Karim Aïnouz (The Invisible Life of Eurídice Gusmão) is attached to direct Firebrand from a script by Killing Eve writers Jessica Ashworth and Henrietta Ashworth. Brouhaha Entertainment are producing the film, which has the following synopsis:
By the time young Catherine Parr (Williams) married the deteriorating, increasingly despotic King Henry VIII (Law), she had no assurances of a happy marriage; in fact, she had no assurances of surviving this marriage at all. Of her predecessors, two were thrown out, one died in childbirth and two were beheaded. While Catherine tried to keep her head about her to navigate the politics of her position, she brought a secret agenda. She was Protestant, believed it her duty to marry Henry, for it would be the only position in which she could convert him – and the kingdom – from his pro-Catholic position. That faith was tested when the church resisted granting his divorce from his first wife so he could marry Anne Boleyn, who would later be beheaded. With arrests, torture, and executions of Protestants on the rise, Catherine invited a dangerous game that would leave one of them dead before long. The thriller is told through Catherine’s singular point-of-view of the psychological horror of living with a monster—and the remarkable will to not only survive, but thrive.

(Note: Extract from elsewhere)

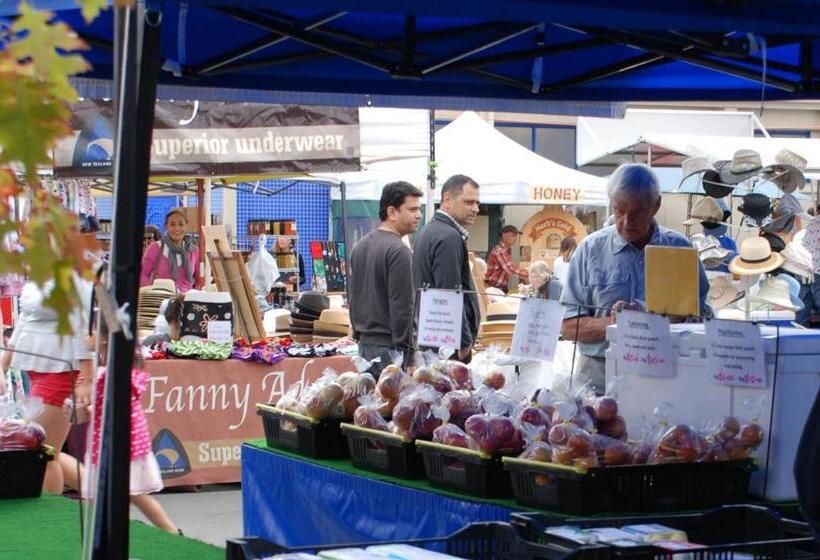 مُتل Century Park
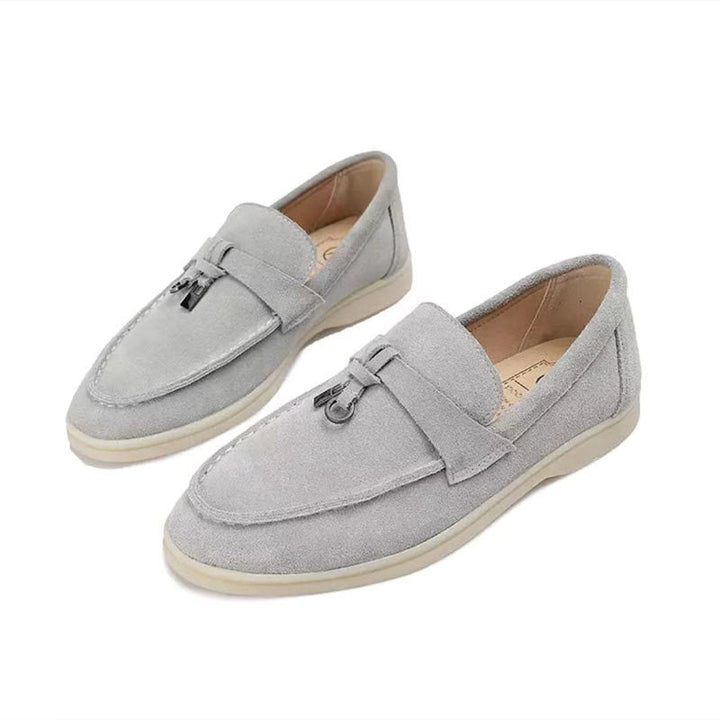 Comfortable women's pointed toe loafers. Breathable slip-on flats, ideal for casual chic and everyday wear.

Aïnouz said Catherine Parr
deserves a portrait. There has been much depicted on the king and the wives that perished. It’s important to look at someone who turns out to be stronger than the forces around them. This is a modernistic look at the classic trope of the woman trapped in a castle with a monster. One of the first things that came to mind when I started this was the legend of Bluebeard. I think it’s important to revisit narratives that have been conveyed as romantic love stories. Henry was a most interesting person, but he was uber-violent, which was in tune with the times. Jude will not play him as the clichéd fat man eating the turkey leg. Jude got how complex this guy was, not a loveable character but as a most powerful man of his time. And Michelle immediately came to mind. I so admire her choices, going back to Brokeback Mountain, and there is something fascinating about her each time I rediscover her in a performance.”
The director released a lengthy statement about Firebrand to Deadline that demonstrates he is very passionate about this project. You can click over to their site to read the full thing, but here’s an excerpt:
With Firebrand I want to bring to the screen the heat of threatened bodies, the pounding pulse of their hearts, the steam of their breaths, the apparent control of lives that are in constant threat. I see gold, posturing and violence. I imagine an opera fatale, a game of life or death, a movie with saturated colours, deep crimson and blue, a story of characters inhabiting the brutal wind of winter and the silver skies of the North.”
Filming will take place in a castle from the period where Aïnouz says you can “hear the ghosts”.
Firebrand definitely appears to have found the right director for the material. We’ll have to wait and see how much of a psychological horror movie it turns out to be.